Goodbye to a Grand Dam!
The co-founder of the Aramis dynasty has sadly passed away at the age of 29. Ara, a chestnut mare, was bought when a three-year-old for £1000 and for a while was Isobel's riding companion around North London before she was moved to Gloucestershire, where she eventually became a champion broodmare. Ara came from good racing stock but had not raced. The other half of the partnership was provided by Kayf Tara, winner of the Ascot Gold Cup (twice), the Irish St Leger (twice), the Goodwood Cup and the Yorkshire Cup. The recurrence of an old injury, however, brought Kayf Tara's racing career to an end. That's where Isobel got lucky. She found out that Kayf Tara was standing for his first year in retirement at the Overbury Stud in Gloucestershire, just a few miles away. An assignation was duly arranged and the rest, as they say, is history. The first of the new Aramis dynasty was born in April 2002 - Kayf Aramis (Kayf from his Sire, Ara from his Dam and Mis from Misty (the pony stabled in the back garden of a house in North London) – who went on to win four races on the flat, including three at the York Dante Festival and three over jumps, including the Pertemps Final at Cheltenham Festival in 2009. In 2005 the next addition to the Aramis family was Kaylifa, who sadly never raced, due to a throat problem. In 2007 the dynasty was increased by the arrival of the exciting Kaylif, who sadly met his death in a training yard accident before he could reach his full potential. The last of the 'Kayfs' is Kaylina. When she was born the vet said Ara had "saved her best till last!” Unfortunately it has not been possible to find out whether that is true as there has been no opportunity to put Kaylina into training. Kaylifa provided two 'grandchildren' for Ara - Zayfire Aramis who has already proved himself a winner, worthy of his sire, Zafeen and Berlief Aramis, a Bertolini colt, who started to make hs mark in the racing world but then had to retire due to an inoperable throat problem.
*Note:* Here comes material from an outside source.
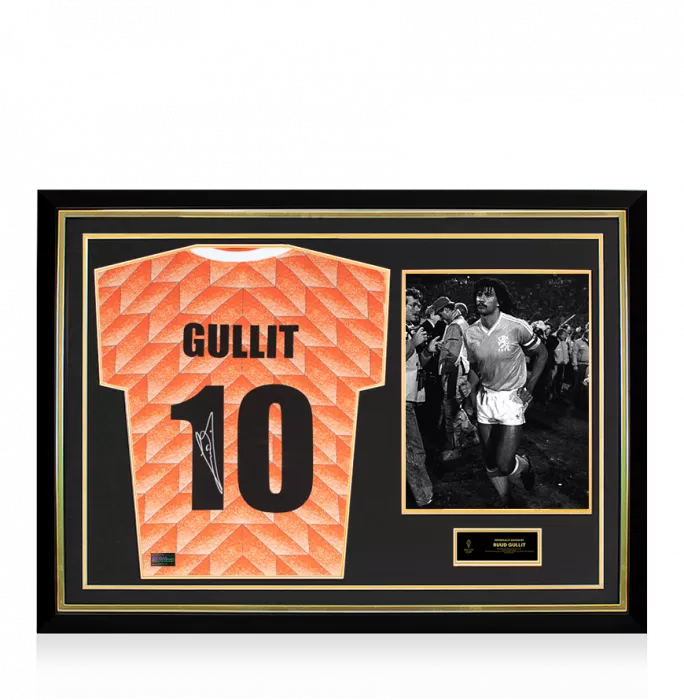 Ruud Gullit Official Ballon d'Or™ Back Signed and Framed Netherland 1988 Home Shirt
What a tremendous achievement for a mare who came from humble beginnings to produce such a marvellous family. Ara is already greatly missed by her offspring in the field.
13 July 2020
Farewell to a Champ!
A legendary Irish National Hunt jockey has called it a day. 40-year-old Barry Geraghty won a whole host of jump racing's top prizes, including the 2003 Grand National at Aintree on Monty's Pass and two Cheltenham Gold Cups with Kicking King (2005) and Bobs Worth (2013). The County Meath-born rider rode five winners at this year's Cheltenham Festival, including Epatante in the Champion Hurdle - his fourth success in the Grade One feature following Punjabi (2009), Jezki (2014) and Buveur D'Air (2018) - and Champ, who grabbed a memorable last-minute success in the RSA Insurance Novices' Chase. Barry Geraghty missed 18 months of the last five years through injury, having broken both legs, both arms, ribs, a shoulder blade and a few other small fractures in between. The eight broken ribs and punctured lung in 2017 ruled him of Cheltenham and then the broken arm at Fairyhouse in April only 11 days after returning from recovering from the broken ribs were both tough injuries which just came at the wrong time. His last injury, a broken leg just before last year's Grand National at Aintree, was probably the last straw and made him realise that he should take on something else less dangerous at his age. Barry Geraghty bows out with a total of 43 Festival winners during his career, which is second only to Ruby Walsh, who tops the all-time charts with 59 and ahead of Tony McCoy on 31.